16. Counsel for the respondent has referred us to thePeople (Director of Public Prosecutions) v Fitzgibbon[2014] 1 IR 627, and has suggested that according to the criteria set out in that case, and in particular the aggravating circumstance of a bladed weapon having been used, that the case had properly been located in the high range as identified by Clarke J. The high range, which relates to pre-mitigation sentences, runs from seven and a half years to twelve and a half years. The trial judge had started in exactly the middle of that range, and it was submitted that there was no error of principle in him doing so.
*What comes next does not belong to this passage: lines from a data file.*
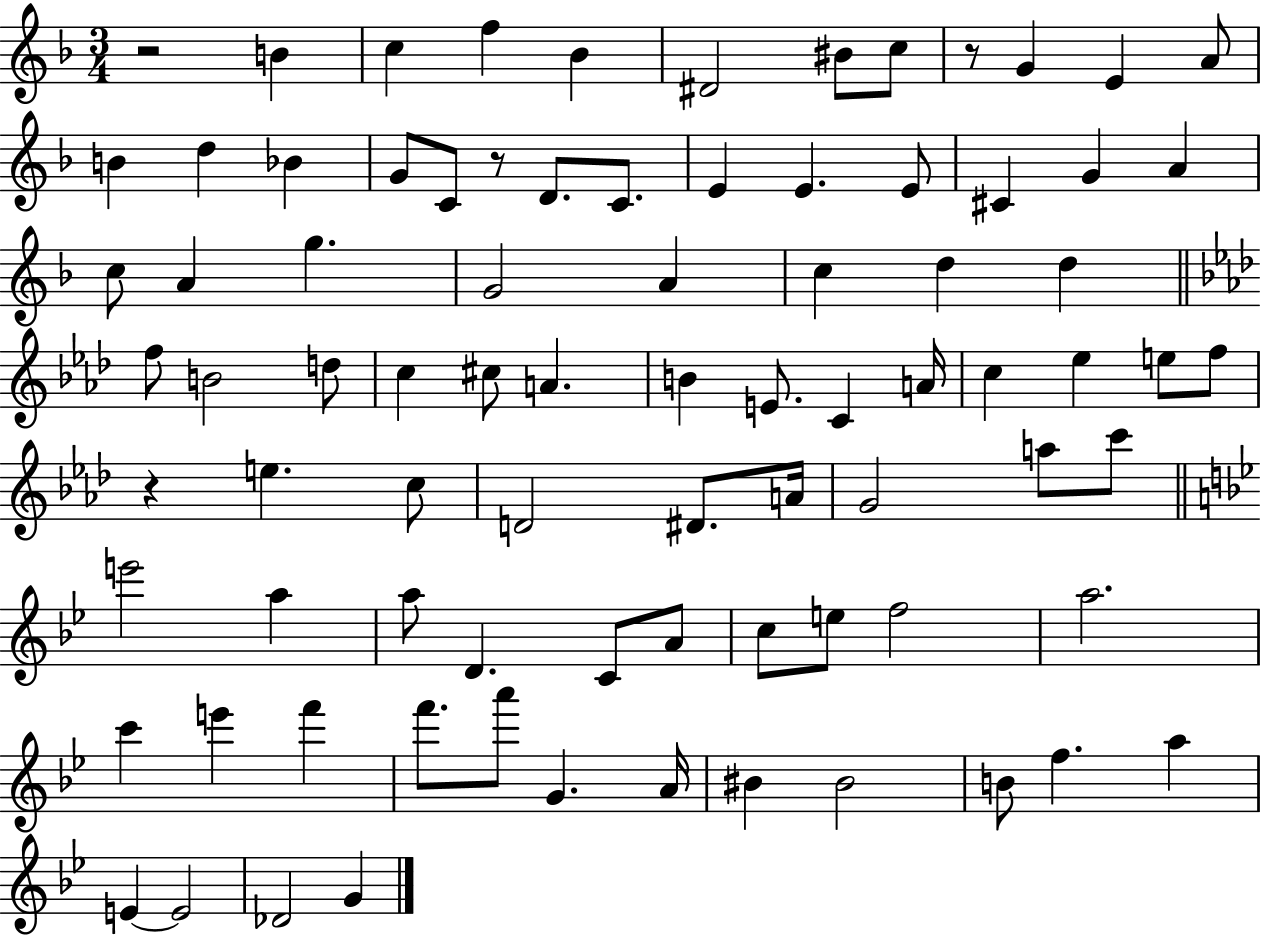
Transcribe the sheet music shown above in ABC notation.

X:1
T:Untitled
M:3/4
L:1/4
K:F
z2 B c f _B ^D2 ^B/2 c/2 z/2 G E A/2 B d _B G/2 C/2 z/2 D/2 C/2 E E E/2 ^C G A c/2 A g G2 A c d d f/2 B2 d/2 c ^c/2 A B E/2 C A/4 c _e e/2 f/2 z e c/2 D2 ^D/2 A/4 G2 a/2 c'/2 e'2 a a/2 D C/2 A/2 c/2 e/2 f2 a2 c' e' f' f'/2 a'/2 G A/4 ^B ^B2 B/2 f a E E2 _D2 G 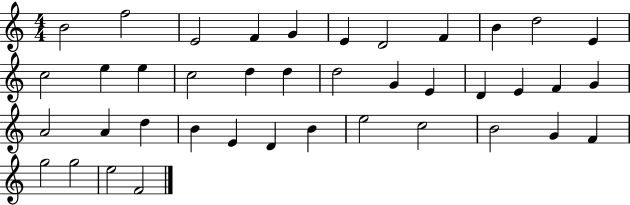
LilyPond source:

{
  \clef treble
  \numericTimeSignature
  \time 4/4
  \key c \major
  b'2 f''2 | e'2 f'4 g'4 | e'4 d'2 f'4 | b'4 d''2 e'4 | \break c''2 e''4 e''4 | c''2 d''4 d''4 | d''2 g'4 e'4 | d'4 e'4 f'4 g'4 | \break a'2 a'4 d''4 | b'4 e'4 d'4 b'4 | e''2 c''2 | b'2 g'4 f'4 | \break g''2 g''2 | e''2 f'2 | \bar "|."
}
17. We entirely agree. The circumstances of this case clearly justified the location of the offence in the middle of the high range as identified in theFitzgibboncase.

18. In terms of mitigation the appellant had little going for him. He had fought the case and so was not entitled to the mitigation that a plea would have entitled him to. He had not been co-operative. He also had a bad record, including previous convictions for other crimes of violence. The only significant thing he had going for him was an evinced intention to address his addiction issues, and evidence of some concrete steps having been taken in that regard in terms of his efforts to engage with the Bray Community Addiction Team. The sentencing judge, in order to acknowledge those efforts and to incentivise continued efforts in that regard, decided to suspend the final three years of the ten-year sentence. Arguably that was generous in the circumstances but we agree that it was appropriate.

Conclusion
19. We find no error of principle and are disposed to dismiss the appeal.